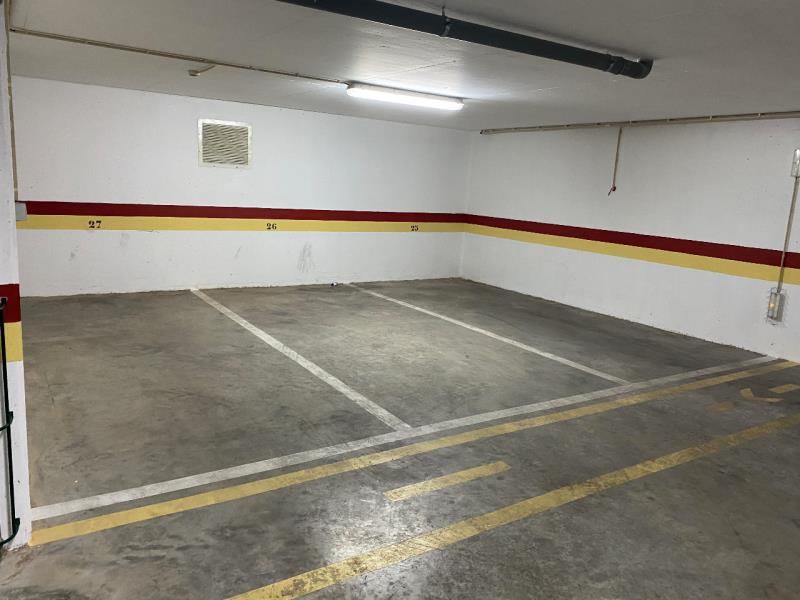 Fotografia de imóvel: 2/16 da Fração CM, referente à CV-2, estacionamento coberto/ fechado em Portimão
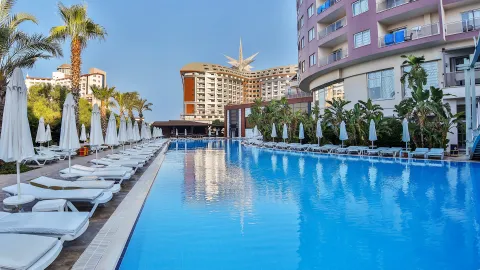 SATURN PALACE Pools & Beach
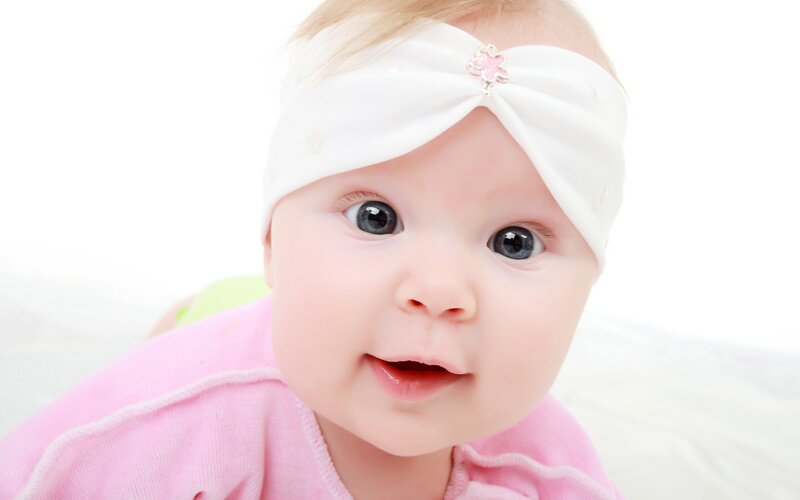 baby girl with headband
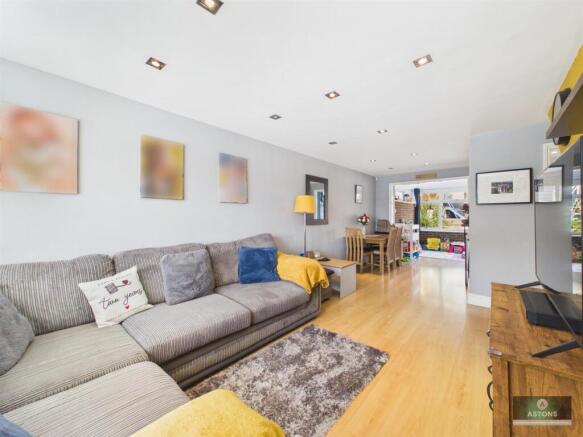 Lounge/Dining Room
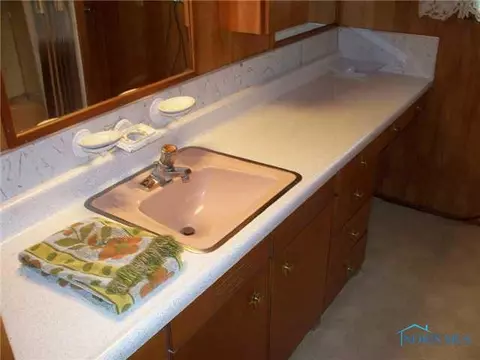 128 E Barnes, Napoleon, OH 43545 photo 11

- - - - -

Problem description:
All lines from the one holding "Lounge/Dining Room" through the last line of the entries, and nothing else, are to be output exactly; leave out the pictures.

Task result:
 Lounge/Dining Room
 128 E Barnes, Napoleon, OH 43545 photo 11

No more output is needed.